The aim of the invention is to reduce resonant overvoltages in electric motors. To achieve this, in an electric motor for an n-phase, symmetrical, electrical system comprising n working windings (Au, Av, Aw), which are assigned to the n phases (U, V, W) and are used to generate corresponding magnetic fluxes, a separate damper winding (Du, Dv, Dw) is allocated to each of the n working windings (Au, Av, Aw). The magnetic flux of the respective working winding flows through each damper winding. The n damper windings (Du, Dv, Dw) are connected in series and are short-circuited together. This permits the asymmetric parts of the system to be damped without affecting the working flux.

Description

The present invention relates to an electrical machine for an n-phase, balanced electrical system having n main windings, which are associated with the n phases and by means of which magnetic fluxes can be produced in a corresponding manner.
By way of example, the expression electrical machines covers direct-drive electric motors, such as torque motors and linear motors. These must be precisely matched to the technical requirements for the drive, in particular with respect to the required speed and the required torque. In most direct drives, relatively low rotation speeds and high torques are therefore required from the motor, which in turn leads to high winding inductances L and winding capacitances C in the motors, since L is inversely proportional to the rotation speed, and C is proportional to the torque. In comparison to high-speed relatively small motors, this results in the motor winding having a considerably lower resonant frequency. This is proportional to 1/√{square root over (LC)} and is normally in the range from about 20 kHz to 60 kHz. In the converter mode, the motor winding behaves like an RLC resonant circuit, which is caused to oscillate by a pulsed voltage on the motor terminals. This results in a voltage increase, which in some cases is considerable, within the motor winding. The overvoltages damage the motor insulation, and this often leads to insulation flashover and to motor failure with a ground fault.
In order to reduce the resonant voltage increases, an additional circuit with zener diode, for example, has until now been galvanically connected to the star point of the motor winding. This circuit short-circuits voltage spikes via a resistance to ground. To this end, the star point of the motor winding is in the form of a separate terminal. However, a circuit such as this is relatively complex and represents a potential hazard to the user on connection.
The object of the present invention is therefore to reduce resonant overvoltages in an electrical machine, without major complexity, and furthermore to avoid hazards for the user.
According to the invention, this object is achieved by an electrical machine for an n-phase, balanced electrical system having n main windings, which are associated with the n phases and by means of which magnetic fluxes can be produced in a corresponding manner, with each of the n main windings being associated with a separate damping winding through which the magnetic flux of the respective main winding flows, and with the n damping windings being connected in series and being short-circuited overall.
The damping windings according to the invention reduce resonant overvoltages in the machine windings or main windings.

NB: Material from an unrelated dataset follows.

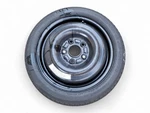 2004-2005 Honda Civic Si Spare Tire Wheel Disk Donut T135/70D15, 42700-SZ3-003,. Fixed Price $110.07.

By way of example, this protects the motor insulation against flashover. Furthermore the damping winding, or the damping windings, requires or require no connections, which means that there is no additional circuit complexity for the user. In addition, the damping windings do not require external terminals on which high voltages can be present, thus making it possible to effectively reduce the potential hazard for the user.
In one specific embodiment, the damping windings can be short-circuited via a resistance. The damping effect can be optimized (R-L matching) by suitable choice of the resistance. A separate component may be used as the resistance, in which the power loss is deliberately dissipated (for example in order to provide a good cooling capability), or the damping winding is wound directly from a resistance wire, thus resulting in optimum resistance matching, without a separate resistance. The electrical machine is preferably designed for a three-phase system, with the main windings being connected in star. The invention can therefore advantageously be used for conventional three-phase systems.
Specifically, each of the n damping windings can be wound around the same pole tooth as the associated one of the n main windings. This ensures that the entire magnetic flux from the main winding also flows through the damping winding.
Furthermore, a plurality of pole teeth of the electrical machine can be connected to one another via a single yoke, a respective one of the n main windings can be arranged on the pole teeth, and each of the n damping windings may be located between the associated main winding and the yoke.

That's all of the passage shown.